Le management est une notion qui comporte de multiples sens selon les contextes. On parle de management de projets, d’entreprises ou encore d’équipes. Mais, dans tous les cas, le style de management est difficilement duplicable d’un manager à un autre dans la mesure où cette pratique, qui s’acquiert, fait aussi appel à des qualités humaines innées, à un vécu ou encore à des valeurs différentes.

Le manager d’un OSBL, parce qu’il travaille dans un domaine qui ne relève pas – ou pas directement – de la sphère économique « de marché », peut ne pas avoir la même formation ou les mêmes réflexes qu’un manager d’entreprise classique, bien que cela ait tendance à changer. Manager demande de l’empathie, de l’écoute, de l’ouverture d’esprit, un sens de la pédagogie, de la gestion du temps, la capacité de tenir des réunions constructives, de déléguer, d’accompagner et, enfin, de faire adhérer son équipe au projet choisi. Le manager n’a pas de grande marge d’erreur.

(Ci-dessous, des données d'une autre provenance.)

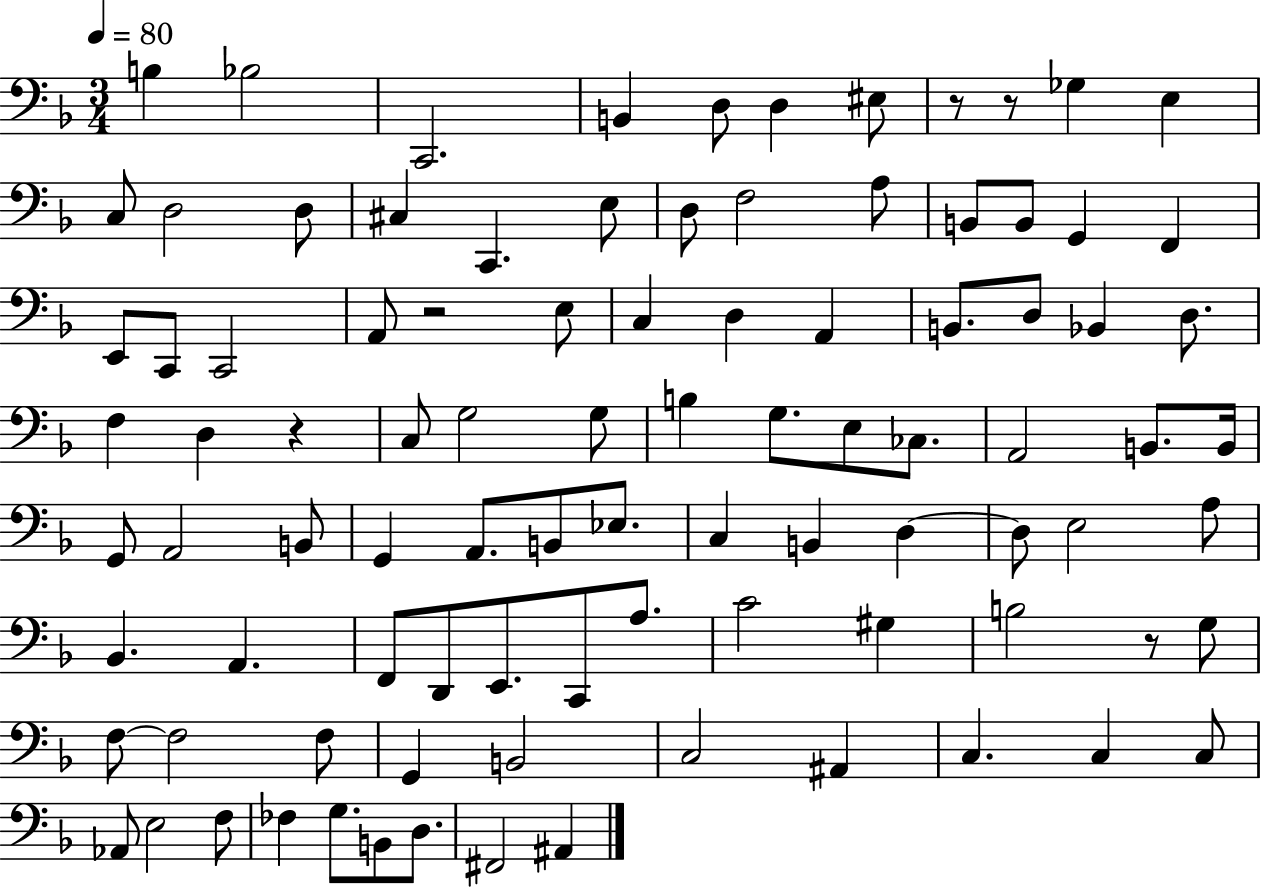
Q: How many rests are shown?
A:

L’accompagnement, voire le coaching ou a minima la formation peuvent se révéler nécessaires. Ce champ-là sera également inspecté lors de la formalisation d’une démarche de RSO. Il sera ainsi possible de repérer et de soutenir celle ou celui qui se doit d’être présent pour les autres. Sans une démarche avérée, il y a de forts risques pour que le manager se retrouve seul, pris dans son angoisse de ne pas s’en sortir et incapable de reconnaître son besoin d’aide. À l’inverse, certains dirigeants d’OSBL oublient que l’OSBL est une « entreprise », même sans être juridiquement une société, qui doit appliquer des règles identiques, notamment au niveau du contrôle interne (frais, dépenses, etc.).

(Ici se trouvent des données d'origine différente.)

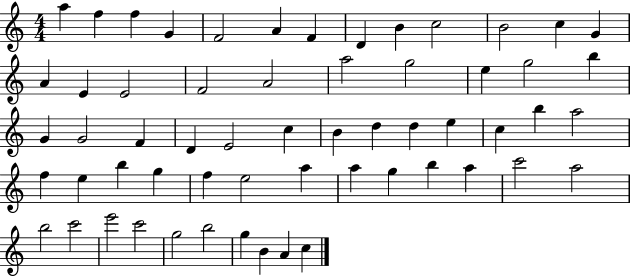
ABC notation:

X:1
T:Untitled
M:4/4
L:1/4
K:C
a f f G F2 A F D B c2 B2 c G A E E2 F2 A2 a2 g2 e g2 b G G2 F D E2 c B d d e c b a2 f e b g f e2 a a g b a c'2 a2 b2 c'2 e'2 c'2 g2 b2 g B A c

Environnement naturel et apport sociétal

Les préoccupations envers la protection de l’environnement naturel sont étrangement souvent évacuées dans les OSBL. À ce titre, ce type d’organisation est plutôt en retard par rapport à de nombreuses entreprises de même taille. Il s’agit pourtant d’un point très important pour la plupart des parties prenantes, par exemple les membres ou bénévoles d’une association qui viennent d’autres milieux socio-culturels ou économiques. Il semble qu’il y ait là un large champ d’améliorations possibles pour les OSBL.

En conclusion, il est vivement recommandé aux OSBL de se mettre dans le sens que prend le monde d’aujourd’hui et de s’atteler à la tâche de l’amélioration des processus. Le meilleur moyen reste de se choisir une démarche de responsabilité sociétale avec labellisation, qui impose des engagements identifiables et mesurables, les résultats devant être audités par des tiers extérieurs.